Award-winning journalist Nikole Hannah-Jones announced Tuesday (July 6) she’s joining the faculty of Howard University after the University of North Carolina at Chapel Hill initially denied her bid for tenure.
Hannah-Jones, creator of The 1619 Project, made the announcement on CBS This Morning with Gayle King, and came after the Board of Trustees at UNC initially denied the Pulitzer Prize winner tenure. Protests from students, alumni, and faculty led school officials to reverse their decision and offer Hannah-Jones tenure on June 30.
Hannah-Jones will join Howard as the Knight Chair in Race and Journalism and will help establish a brand new Center for Journalism and Democracy at the school, according to CNN.
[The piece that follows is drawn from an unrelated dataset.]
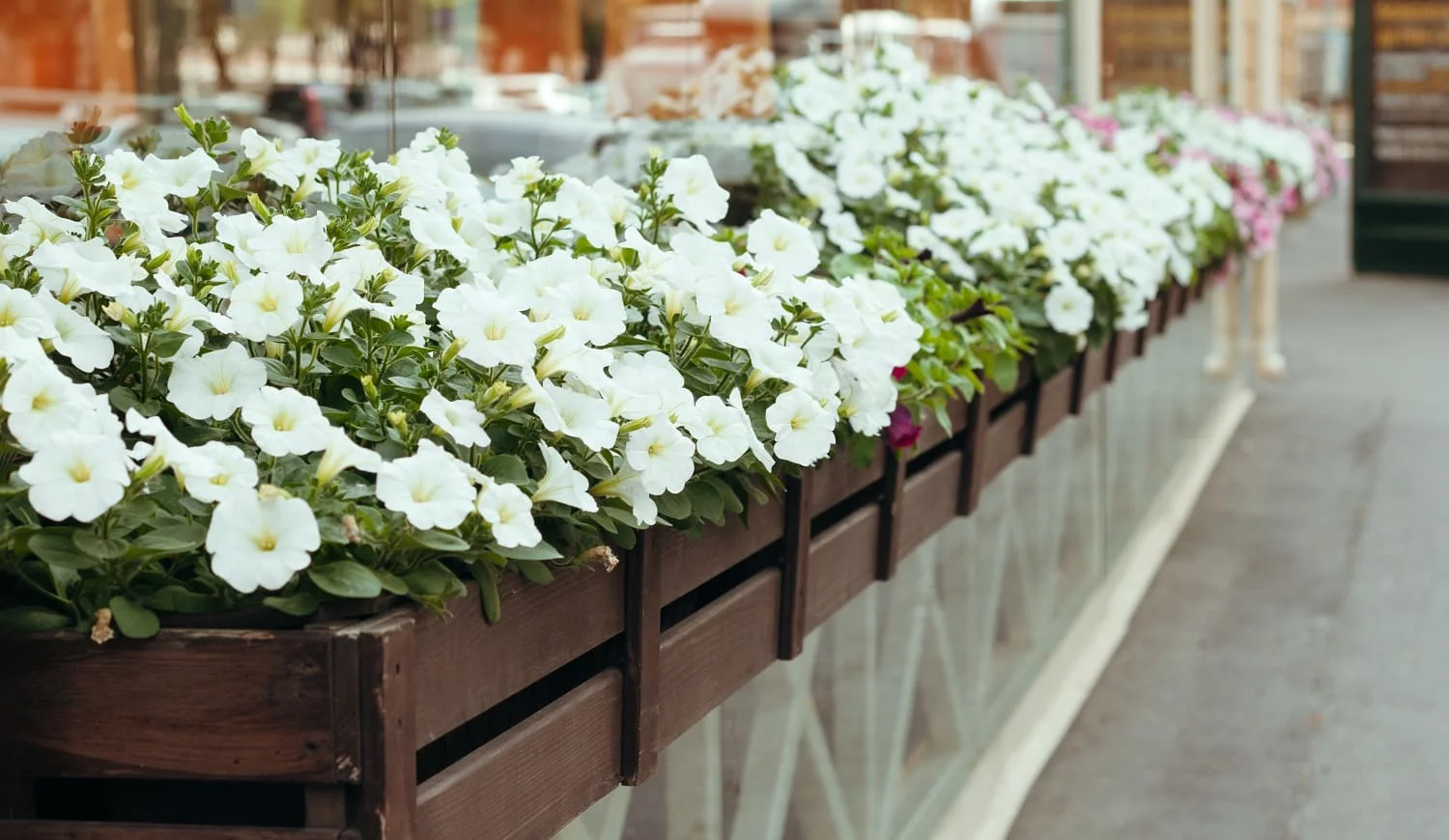 blooming white Petunia in a hanging retro planters on the street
“We are at a critical juncture in our democracy, and yet our press does not reflect the nation it serves and too often struggles to grasp the danger for our country as we see growing attacks on free speech and the fundamental right to vote,” Hannah-Jones said in a statement.
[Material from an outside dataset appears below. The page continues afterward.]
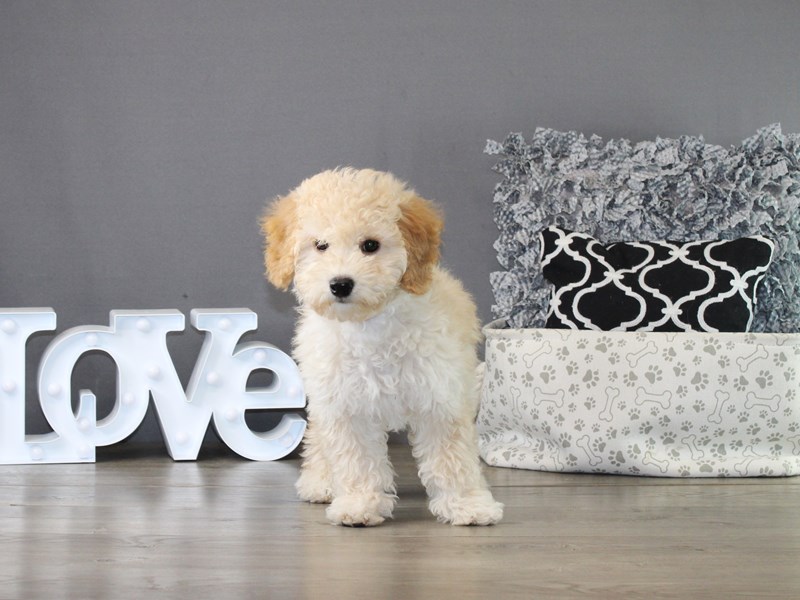 Bichonpoo – 21238
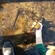 Tench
“In the storied tradition of the Black press, the Center for Journalism and Democracy will help produce journalists capable of accurately and urgently covering the challenges of our democracy with a clarity, skepticism, rigor and historical dexterity that is too often missing from today’s journalism.”
In addition to Hannah-Jones, Howard is also bringing best-selling author Ta-Nehisi Coates on to its faculty. Coates is set to join the faculty of the College of Fine Arts and Sciences.